According to the report, Alex spent 11 years in government care, had 17 placements, and 23 different social workers and caregivers.

During his time in his final placement before the hotel, he was sexually assaulted twice, once by a contractor who plied him with narcotics.

It is now mandatory to have a care plan for all youth taken care of by the province.

Cadieux would further expand on that point. “It is my expectation, that is part of a social worker’s job and we’ve added 200 more staff and made workload changes to ensure they have time to do those plans and keep them up to date.”

$2.7 million dollars to develop culturally specific plans for indigenous children was made public.

Over 7,100 children and youth are in government care at any time and as of December 31, 2016, 699 children and youth were placed in 93 contracted residential agencies.

Welfare background and criminal record checks to residential care givers will now be done in-house.

The process was in need of a major overhaul according to Cadieux.

“These will no longer be done by contracted agents, a lack of documentation and follow-up stops now. The accountability has got to rest with the ministry just as parents are responsible for choosing who they let take care of their children.”

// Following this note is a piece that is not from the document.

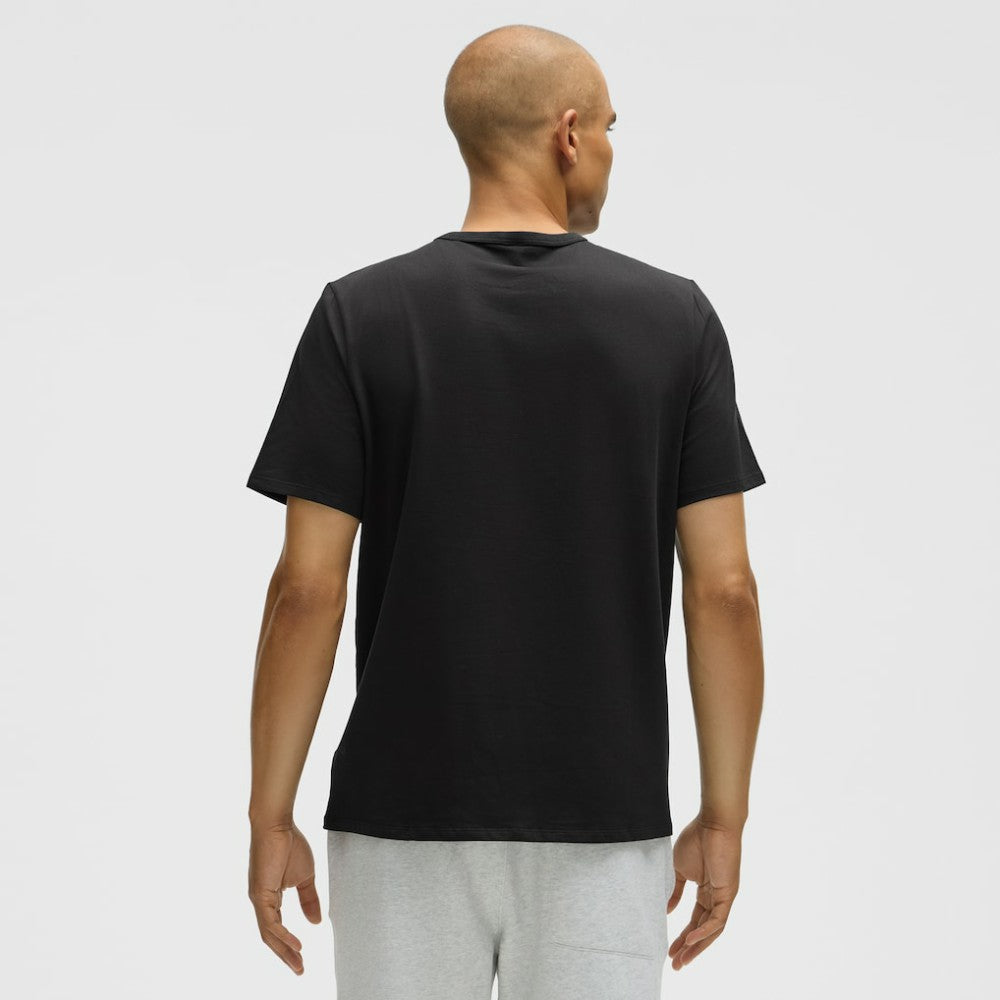 NHL Black|Black San Jose Sharks lululemon Organic Cotton Classic-Fit T-Shirt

Cadieux says face to face and home visits with the 700 kids placed in the care of a contracted agency will take place to ensure living conditions and quality of care are met.

The four recommendation’s are as follows
1) Connecting kids with extended family
2) Ensuring plans of care are complete and up-to-date for each child in youth and government care.
3) Making child and youth mental health services more available and accessible.
4) Strengthing quality assistance, oversight, and accountability for all contracted residential agencies.